▸ **EXERCISE OBJECTIVE**: Everything in the listing below except the pictures should be reproduced exactly.
START DATA PROVIDED
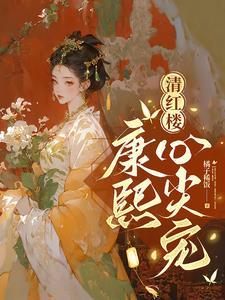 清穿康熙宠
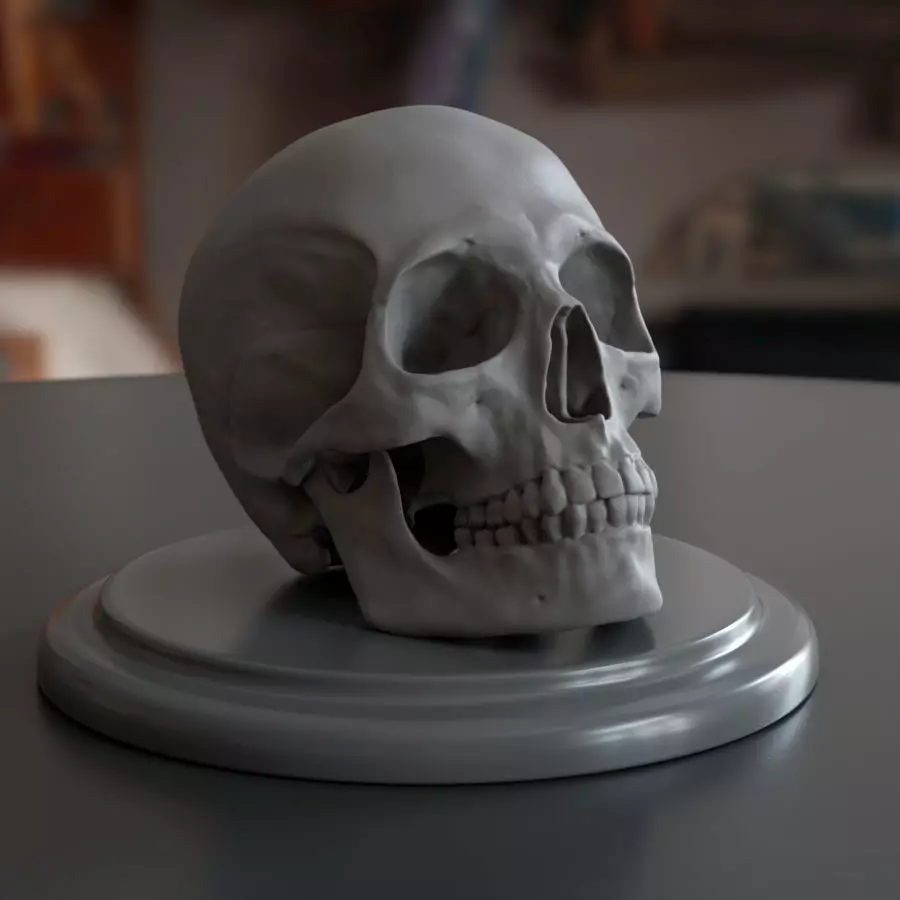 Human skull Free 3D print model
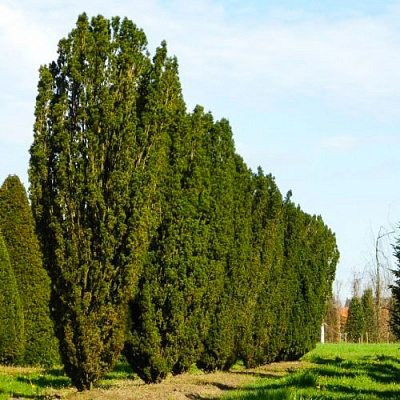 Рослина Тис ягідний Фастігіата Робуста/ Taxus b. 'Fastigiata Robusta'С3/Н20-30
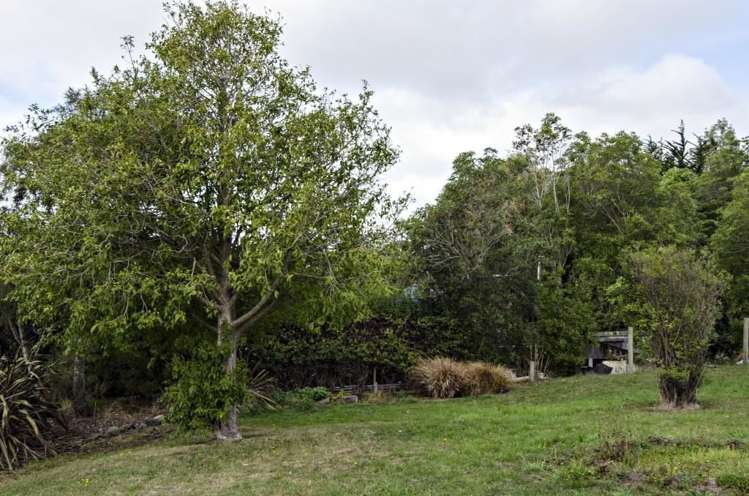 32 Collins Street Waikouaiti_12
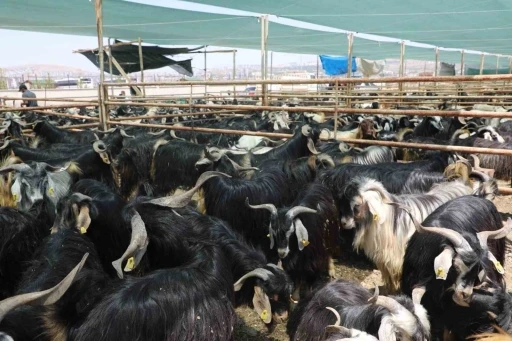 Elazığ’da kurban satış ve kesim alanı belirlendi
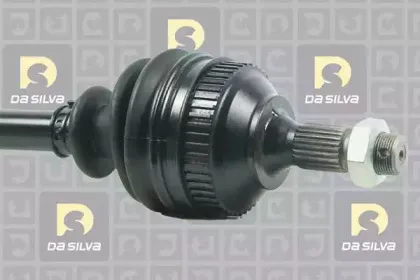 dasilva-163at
END DATA PROVIDED
▸ **REPLY TO THE TASK**:
 清穿康熙宠
 Human skull Free 3D print model
 Рослина Тис ягідний Фастігіата Робуста/ Taxus b. 'Fastigiata Robusta'С3/Н20-30
 32 Collins Street Waikouaiti_12
 Elazığ’da kurban satış ve kesim alanı belirlendi
 dasilva-163at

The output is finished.